Peer pressure is an ever-present monster lurking within your teenager’s everyday life. It’s likely that most of their decisions ride on the acceptance of their friends or classmates. In today’s world, a teenager is bombarded with information from the media, their parents, teachers and friends, so making the right choice is not always easy, especially if your teenager doesn’t have strong parental guidance. It’s your job to guide your teen through these difficult years, so read on for some great ways to approach the topic. 

1. Strengthen Your Relationship

The stronger the relationship with your teen, the greater influence you’ll have. Ideally, you want your teen to be able to talk to you about anything that is going on in their life. Otherwise, they will turn to their friends for help, who may not always be that wise. Strengthening your relationship may not be a quick task, but it’s important that you listen and let them know that you are their best resource.

If your teen feels as though you’re judging or scolding them, they’re likely to distance themselves. Try to put yourself in their shoes and recall what it was like when you were their age.
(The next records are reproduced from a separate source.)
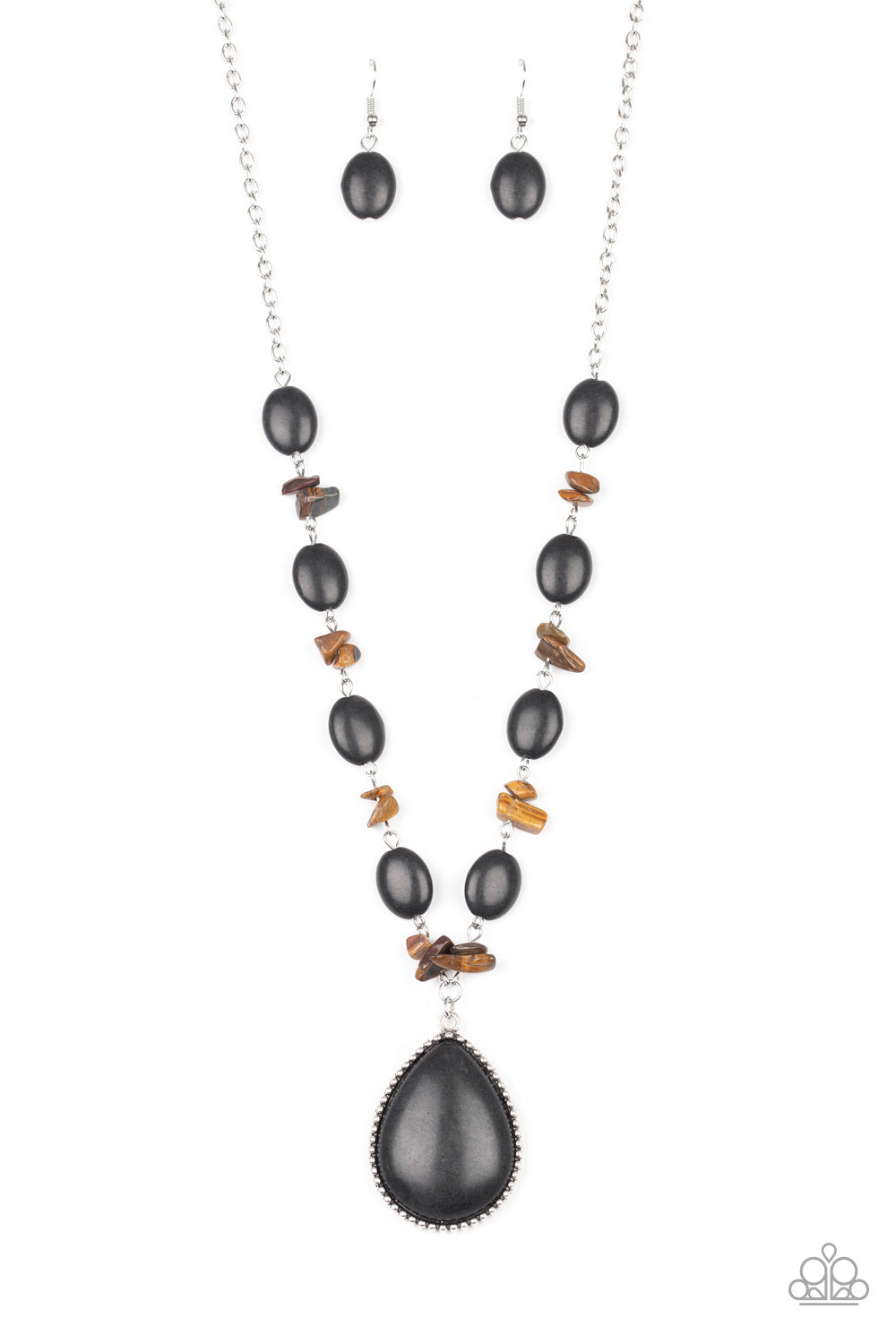 Paparazzi Desert Diva - Black Stone Necklace - A Finishing Touch 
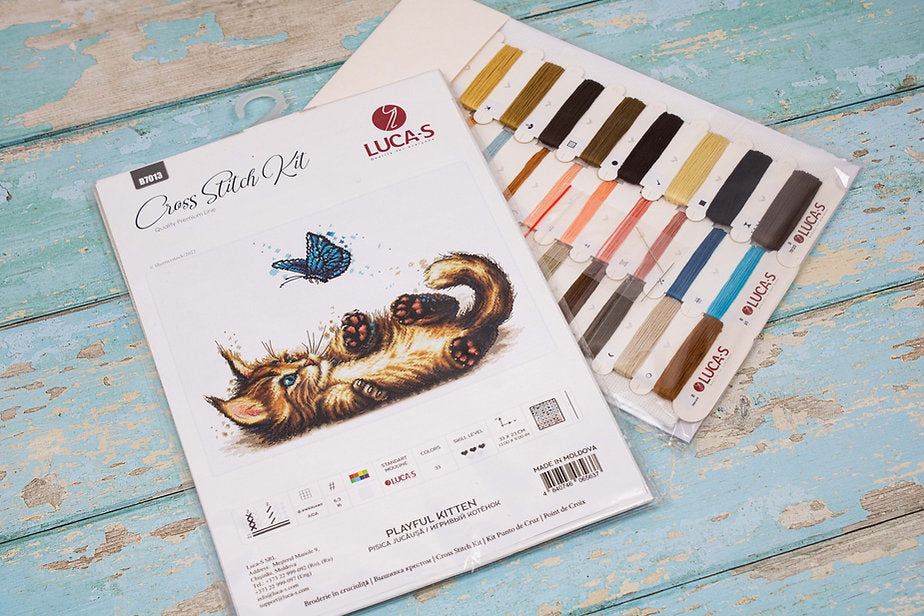 Playful Kitten B7013L Counted Cross-Stitch Kit featuring colorful threads, Aida canvas, and a needle.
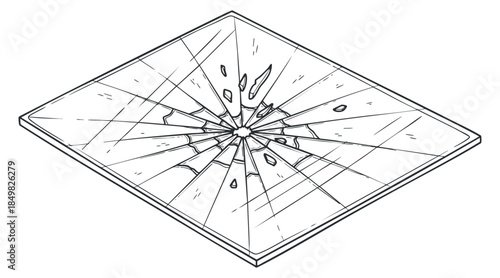 A shattered glass panel with cracks and fragments in clean outline vector style, suitable for design and graphic projects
Once they’re comfortable opening up to you, help them come up with solutions to the problem and guide them towards the right choice.

2. Set Clear Rules and Expectations

It’s important that your teen know what the rules are and what you expect of them. Set a reasonable curfew and ensure that they understand what your expectations are as far as academic performance. You don’t want to your teen to be unsure of the rules for smoking, sex, drinking, or dating either. Some of these topics may be uncomfortable, but they should be addressed. All rules and expectations need to be crystal clear. 

3. Consult a Counselor

If your teen is engaging in troubling behavior, it may be wise to seek help from a professional counselor.  Make sure that they will work with both you and your teen, together and separately. This experience will certainly help improve your relationship and you’ll learn new communication skills that will likely benefit you well into the future.

4. Peer Pressure Can Be Positive

The phrase “positive peer pressure” may seem like an oxymoron. However, if your teen is hanging out with friends that perform well at school, are involved in sports, or other positive behaviors, they’ll be pressured to reach the same goals. This can be a positive situation for everyone and should be encouraged. Talk to your teen and make sure that they are happy engaging in these activities. 

Despite what you may be reading in the news or seeing on TV, most teens move on to adulthood without trouble. However, having a parent they can turn to will make the journey much easier. If you are an important influence in your teen’s life, they will strive to please you and hold your expectations in high regard.